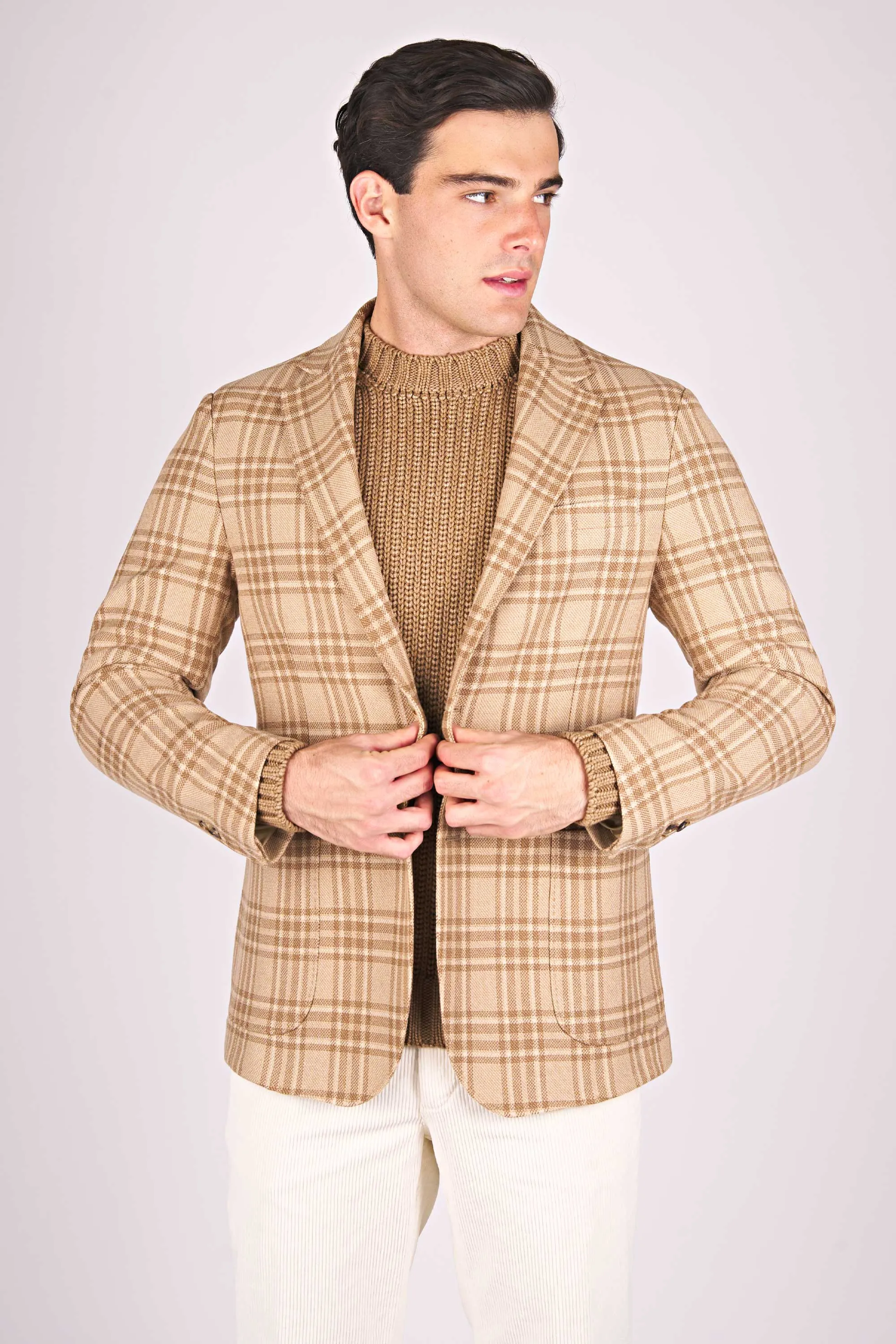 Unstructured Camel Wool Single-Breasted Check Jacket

* * *

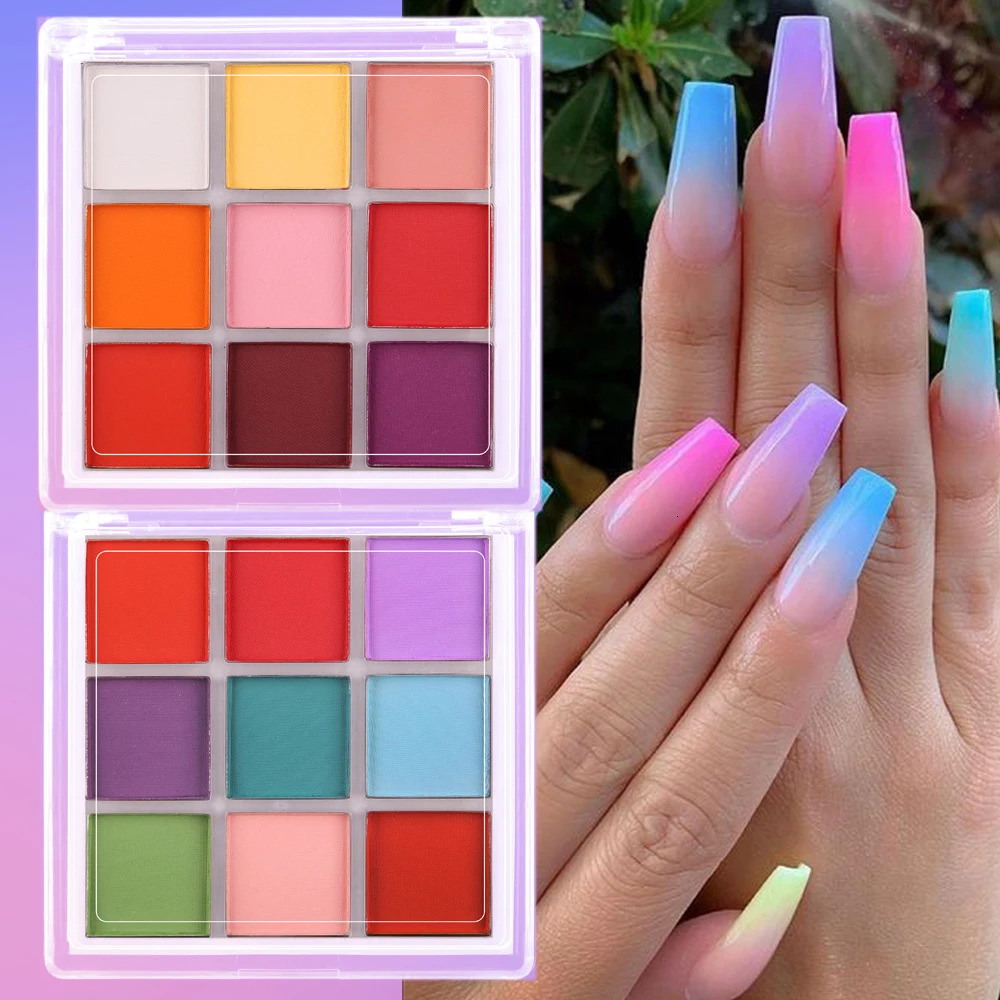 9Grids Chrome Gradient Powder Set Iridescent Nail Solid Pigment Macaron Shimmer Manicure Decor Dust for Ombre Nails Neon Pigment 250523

==

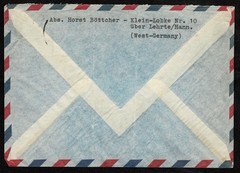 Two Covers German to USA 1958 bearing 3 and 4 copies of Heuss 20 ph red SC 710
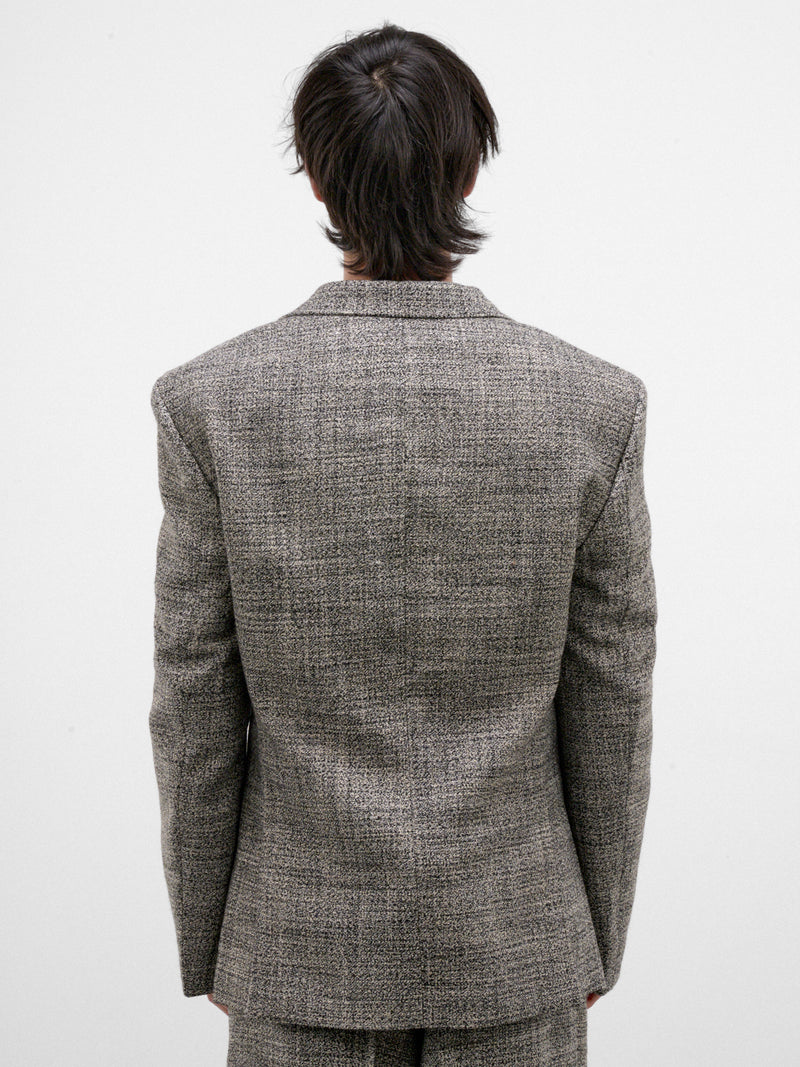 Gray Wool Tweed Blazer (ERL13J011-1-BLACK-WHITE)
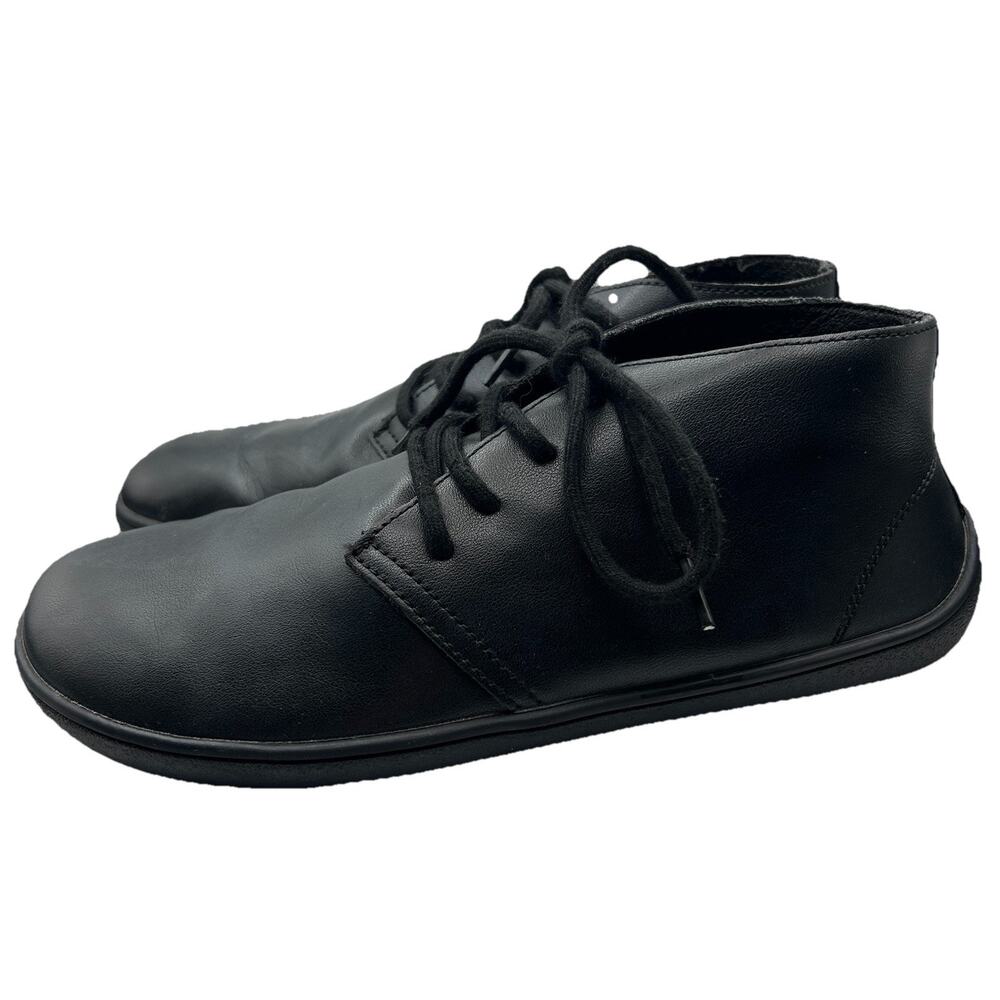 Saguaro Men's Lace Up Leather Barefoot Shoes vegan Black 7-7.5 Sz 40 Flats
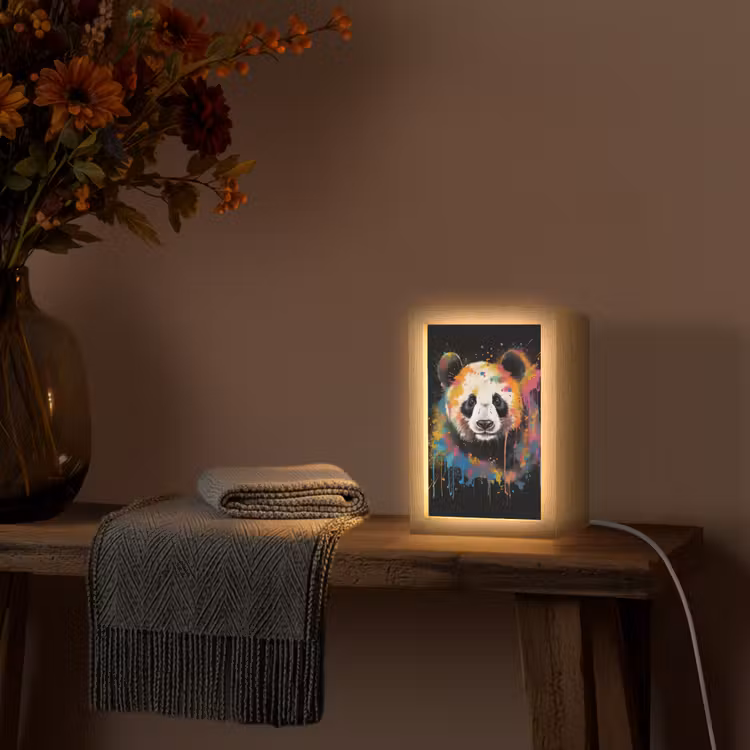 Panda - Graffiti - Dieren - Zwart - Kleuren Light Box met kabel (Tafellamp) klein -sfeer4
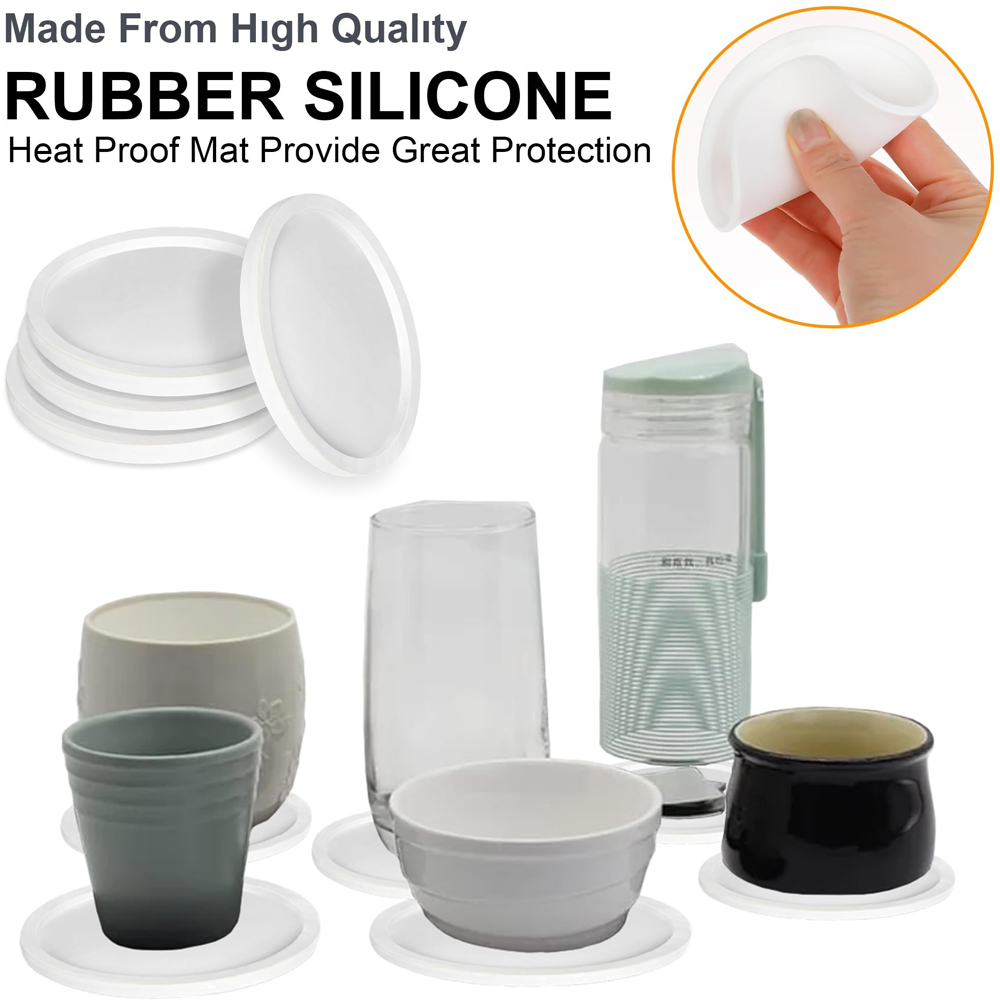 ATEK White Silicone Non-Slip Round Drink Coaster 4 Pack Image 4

Work order –
All that is wanted is the lines above between the one containing "Two Covers German" and the one containing "ATEK White Silicone", inclusive, restated word for word, with pictures omitted.

Written response –
 Two Covers German to USA 1958 bearing 3 and 4 copies of Heuss 20 ph red SC 710
 Gray Wool Tweed Blazer (ERL13J011-1-BLACK-WHITE)
 Saguaro Men's Lace Up Leather Barefoot Shoes vegan Black 7-7.5 Sz 40 Flats
 Panda - Graffiti - Dieren - Zwart - Kleuren Light Box met kabel (Tafellamp) klein -sfeer4
 ATEK White Silicone Non-Slip Round Drink Coaster 4 Pack Image 4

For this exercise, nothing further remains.